Now I been in my line of work long enough to know that nasty things can happen to villains carrying off the goods. You hear cases of them being hi-jacked by other gangs, mugged, somehow getting lost on the way to their handover, all that. And though I didn't fancy any of those happening to me, I wasn't so down on the idea of them
appearing
to happen to me. I mean, if I'm found on the roadside with the side of my motor bashed in, a bump on my head and the suitcase gone, the bosses won't be able to
prove
I knew the bloke who done it.

Don't get me wrong. I wasn't planning anything particular, just sort of going through the possibilities in my mind. Like I said, I don't know anything about art, but I do know that you need extremely specialized help if you're trying to unload a well-known stolen painting.

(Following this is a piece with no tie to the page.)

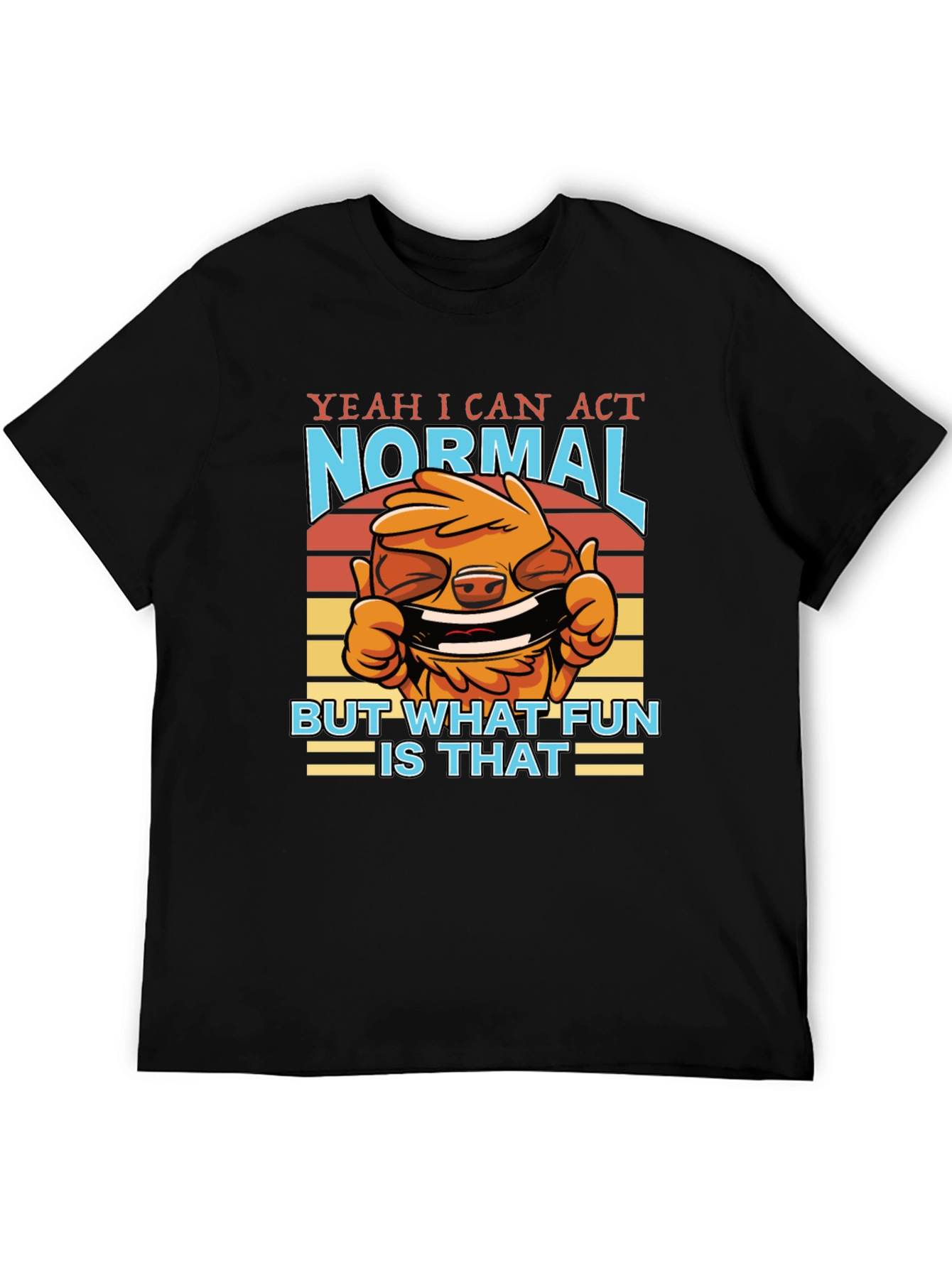 Funny Yeah I Can Act Normal Graphic T-Shirt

One of the advantages of Red Rita's line of work is that she does get to meet a big variety of people and when I mentioned, casual like, that I wanted a bit of background on the art scene, it turned out she did just happen to know this geyser who was a dealer in the less public transactions of international art-collectors. And he was another of the many who owed her a favour and yes, she'd be quite happy to fix up a meet. For me, darling, anything.

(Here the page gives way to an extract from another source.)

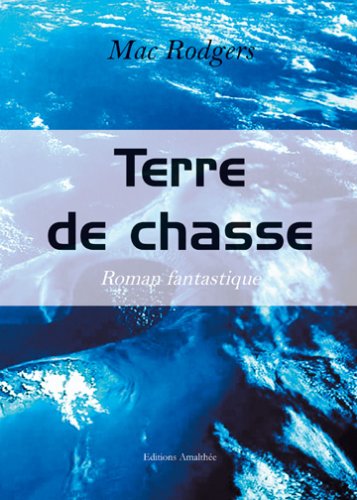 9782350277899: Terre de Chasse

I suppose I shouldn't have been surprised, if I'd thought about it. I mean, bent bookies are still bookies, bent solicitors do their stuff in solicitors' offices, but I really hadn't expected a bent art dealer to work out of a posh little gallery off Bond Street. Still, that was the address Red Rita give me, and when I got there it seemed that Mr Depaldo was expecting me. The sniffy tart at the desk said she would just check he was free and left me looking at a series of pics of what seemed to be a nasty accident in the kitchens of a Chinese restaurant. I don't know how people buy that stuff. I mean, if you can't tell what it's meant to be, how do you know you're not being taken for a ride? Don't get me wrong, I'm not against all art. My brother-in-law's got this collection of sunsets painted on black velvet and with those, well, you can
see
they're good. But a lot of this modern stuff . . . forget it.

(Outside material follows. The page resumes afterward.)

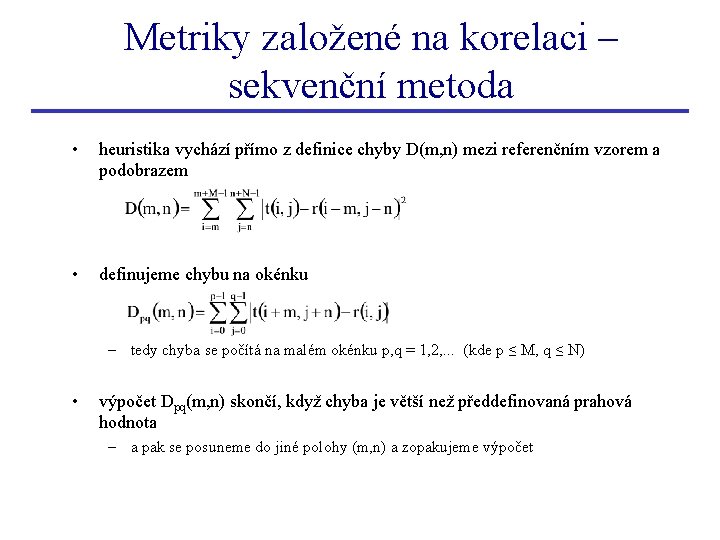 Metriky založené na korelaci – sekvenční metoda • heuristika vychází přímo z definice chyby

So I'm shown up to Mr Depaldo's poncy little office, and he's a real smoothie. Striped shirt, bow tie, you know the number. If I didn't know about his connection with Red Rita. I'd have put him down as a wooftah.

But her hold is clearly strong. Plain from the start he don't want to see me, but Rita's threatened to blow the lid on something if he won't. So he just about managed to be polite.